Nos desplazamos hasta los humedales de la zona. Fue en este increíble ecosistema donde Amano descubrió su fascinación por la vida acuática y la conservación de su fauna y flora. A su nieto le encanta que lo cojan de ambas manos para volar unos instantes y aterrizar acto seguido en la mullida hierba del parque. Tomamos asiento en un amplio porche con vistas a la laguna y degustamos distintas infusiones que nos sirven en teteras de cristal, las cuales permiten apreciar los intensos colores que las flores y hierbas destilan en el agua. Somos los únicos visitantes pese a ser un lugar tan idílico, y no puedo evitar acordarme de las hordas de turistas que masifican Kioto. Quizás este sea el Japón perdido del que Alex Kerr habla en su libro, el que parece no haber sido descubierto por el turismo masivo de selfie rápido, al menos de momento.
Por la tarde vamos a una degustación de sake en un acogedor establecimiento cerca del hotel.

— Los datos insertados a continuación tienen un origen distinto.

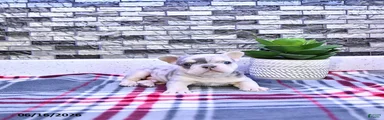 Frankie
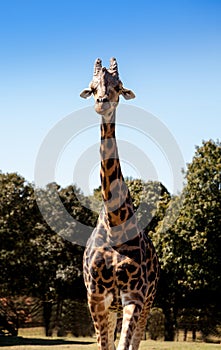 Angolan giraffe is also called Giraffa giraffa angolensis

Tras la cata, visitamos unos onsen más grandes que los modestos de nuestro alojamiento. Estos disponen de un amplio espacio exterior con bañeras redondas individuales y tumbonas de piedra dentro del agua. Cenamos en el restaurante de los baños y me atrevo a probar unos fideos de soba que, en honor a la sakura, son de color rosa por haber sido aromatizados con la flor del cerezo. Se sirven fríos y tienen un ligero sabor floral que nunca antes había probado.

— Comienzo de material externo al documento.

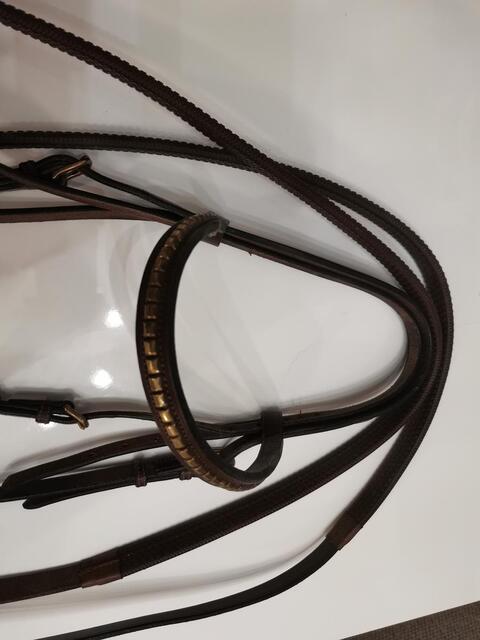 Bridon Cheval Hervé Godignon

Al día siguiente visitamos la casa de Amano en compañía de nuestros anfitriones. La casa está oculta tras elevados muros de hormigón, y es la última de la calle, ya que detrás se extienden amplios campos de arroz. En la entrada hay una elegante placa metálica en la que está grabado el apellido de la familia. Nada más acceder al vestíbulo, destacan las figuras de Don Quijote y Sancho Panza en un material similar al latón, procedentes de Portugal. En medio de la diáfana estancia hay una alargada mesa de madera oscura, alrededor de la cual hay dispuestos cojines para sentarse. El protagonista indiscutible del comedor es el inmenso acuario frente a la mesa, de dos metros de profundidad y cuatro metros de longitud. Está habitado por bancos de neones y escalares que nadan de un extremo a otro, rodeados de una abundante vegetación de un verde esmerilado. Una imponente planta con hojas similares a las de la hiedra capta de inmediato mi atención: las raíces se encuentran bajo el agua, pero las hojas y el tallo sobresalen por arriba, dado que el acuario carece de tapa. S. me explica que alimentan a los peces de forma manual, pero se necesita un equipamiento especial para limpiar las piedras y evitar la formación de algas indeseadas.

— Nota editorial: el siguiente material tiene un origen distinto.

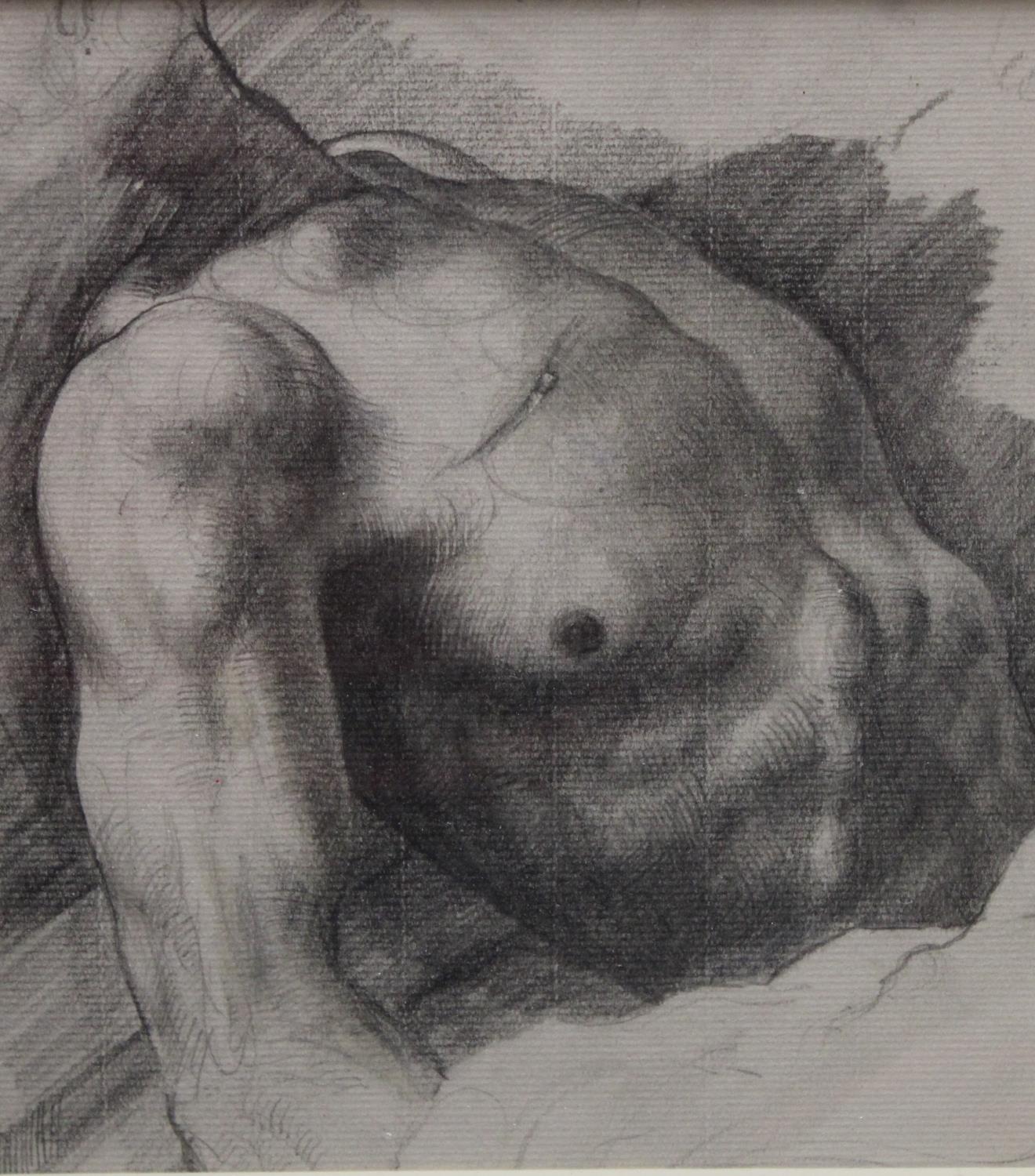 Jason Wallis-Johnson Study of a Male Torso label to verso, pencil drawing, 18.5cm x 16.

Comemos nuestras fiambreras bento de estrella Michelín disfrutando de las vistas al impresionante jardín, una obra botánica magnífica en la que anidan distintos animales por ser un paraíso medioambiental. Tras la comida nos dirigimos a la empresa Aqua Design Amano, donde podemos admirar los distintos filtros de cristal y paisajes acuáticos ideados por Amano. Uno de los acuaristas nos explica las peculiaridades del minimalismo de sus creaciones. Una vez terminada la visita, vamos en coche con M. para recorrer la costa de Niigata, salpicada por ryokanes y restaurantes abandonados, con lamas de madera enmohecidas y avisperos de tamaño colosal. El declive económico y demográfico de la zona ha propiciado el abandono de todos estos lugares, que ahora son presa del desgaste del paso de los años y del salitre del mar.